DATA TO USE

★ ★ ★ ★

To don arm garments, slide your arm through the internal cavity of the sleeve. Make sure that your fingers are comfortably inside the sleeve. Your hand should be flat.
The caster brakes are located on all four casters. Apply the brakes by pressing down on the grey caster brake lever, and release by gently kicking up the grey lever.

★ ★ ★ ★

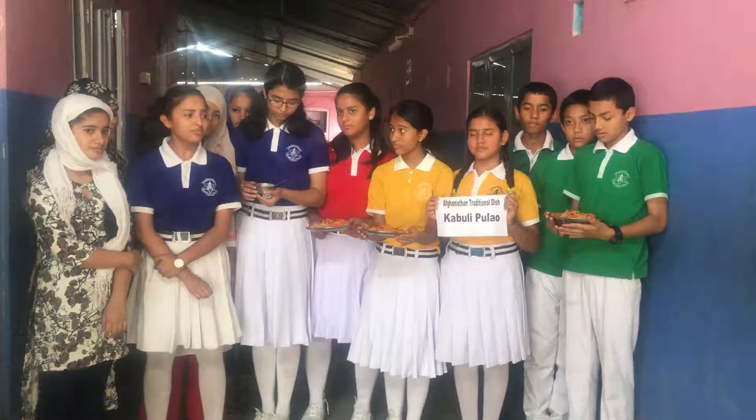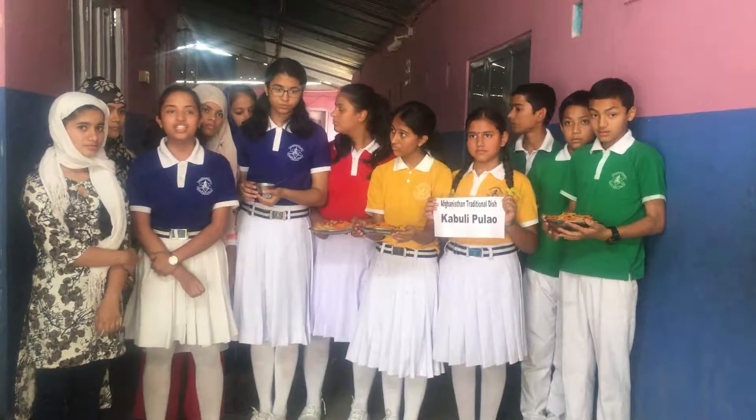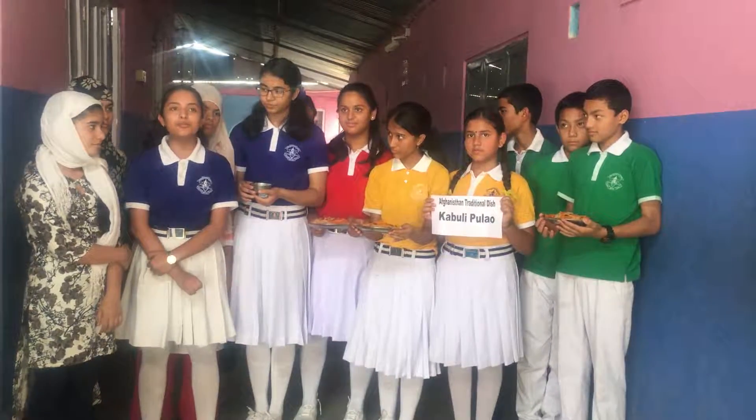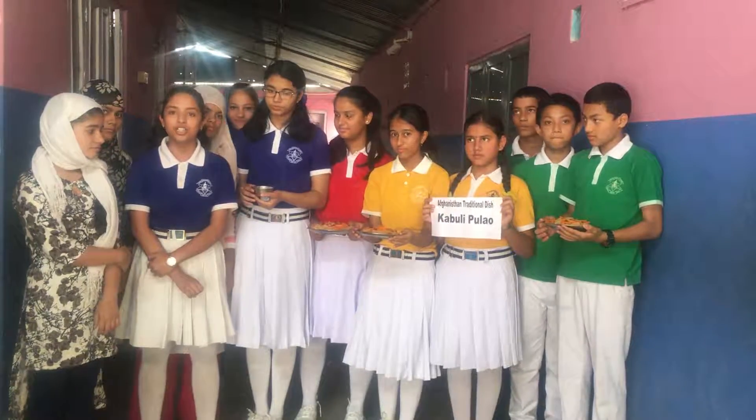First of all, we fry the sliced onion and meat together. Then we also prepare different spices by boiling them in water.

★ ★ ★ ★

YOUR TASK
Every line above from the line with "To don arm garments, slide" to the line with "The caster brakes", both included, must be reproduced exactly, and no other line may appear.

ANSWER SECTION
To don arm garments, slide your arm through the internal cavity of the sleeve. Make sure that your fingers are comfortably inside the sleeve. Your hand should be flat.
The caster brakes are located on all four casters. Apply the brakes by pressing down on the grey caster brake lever, and release by gently kicking up the grey lever.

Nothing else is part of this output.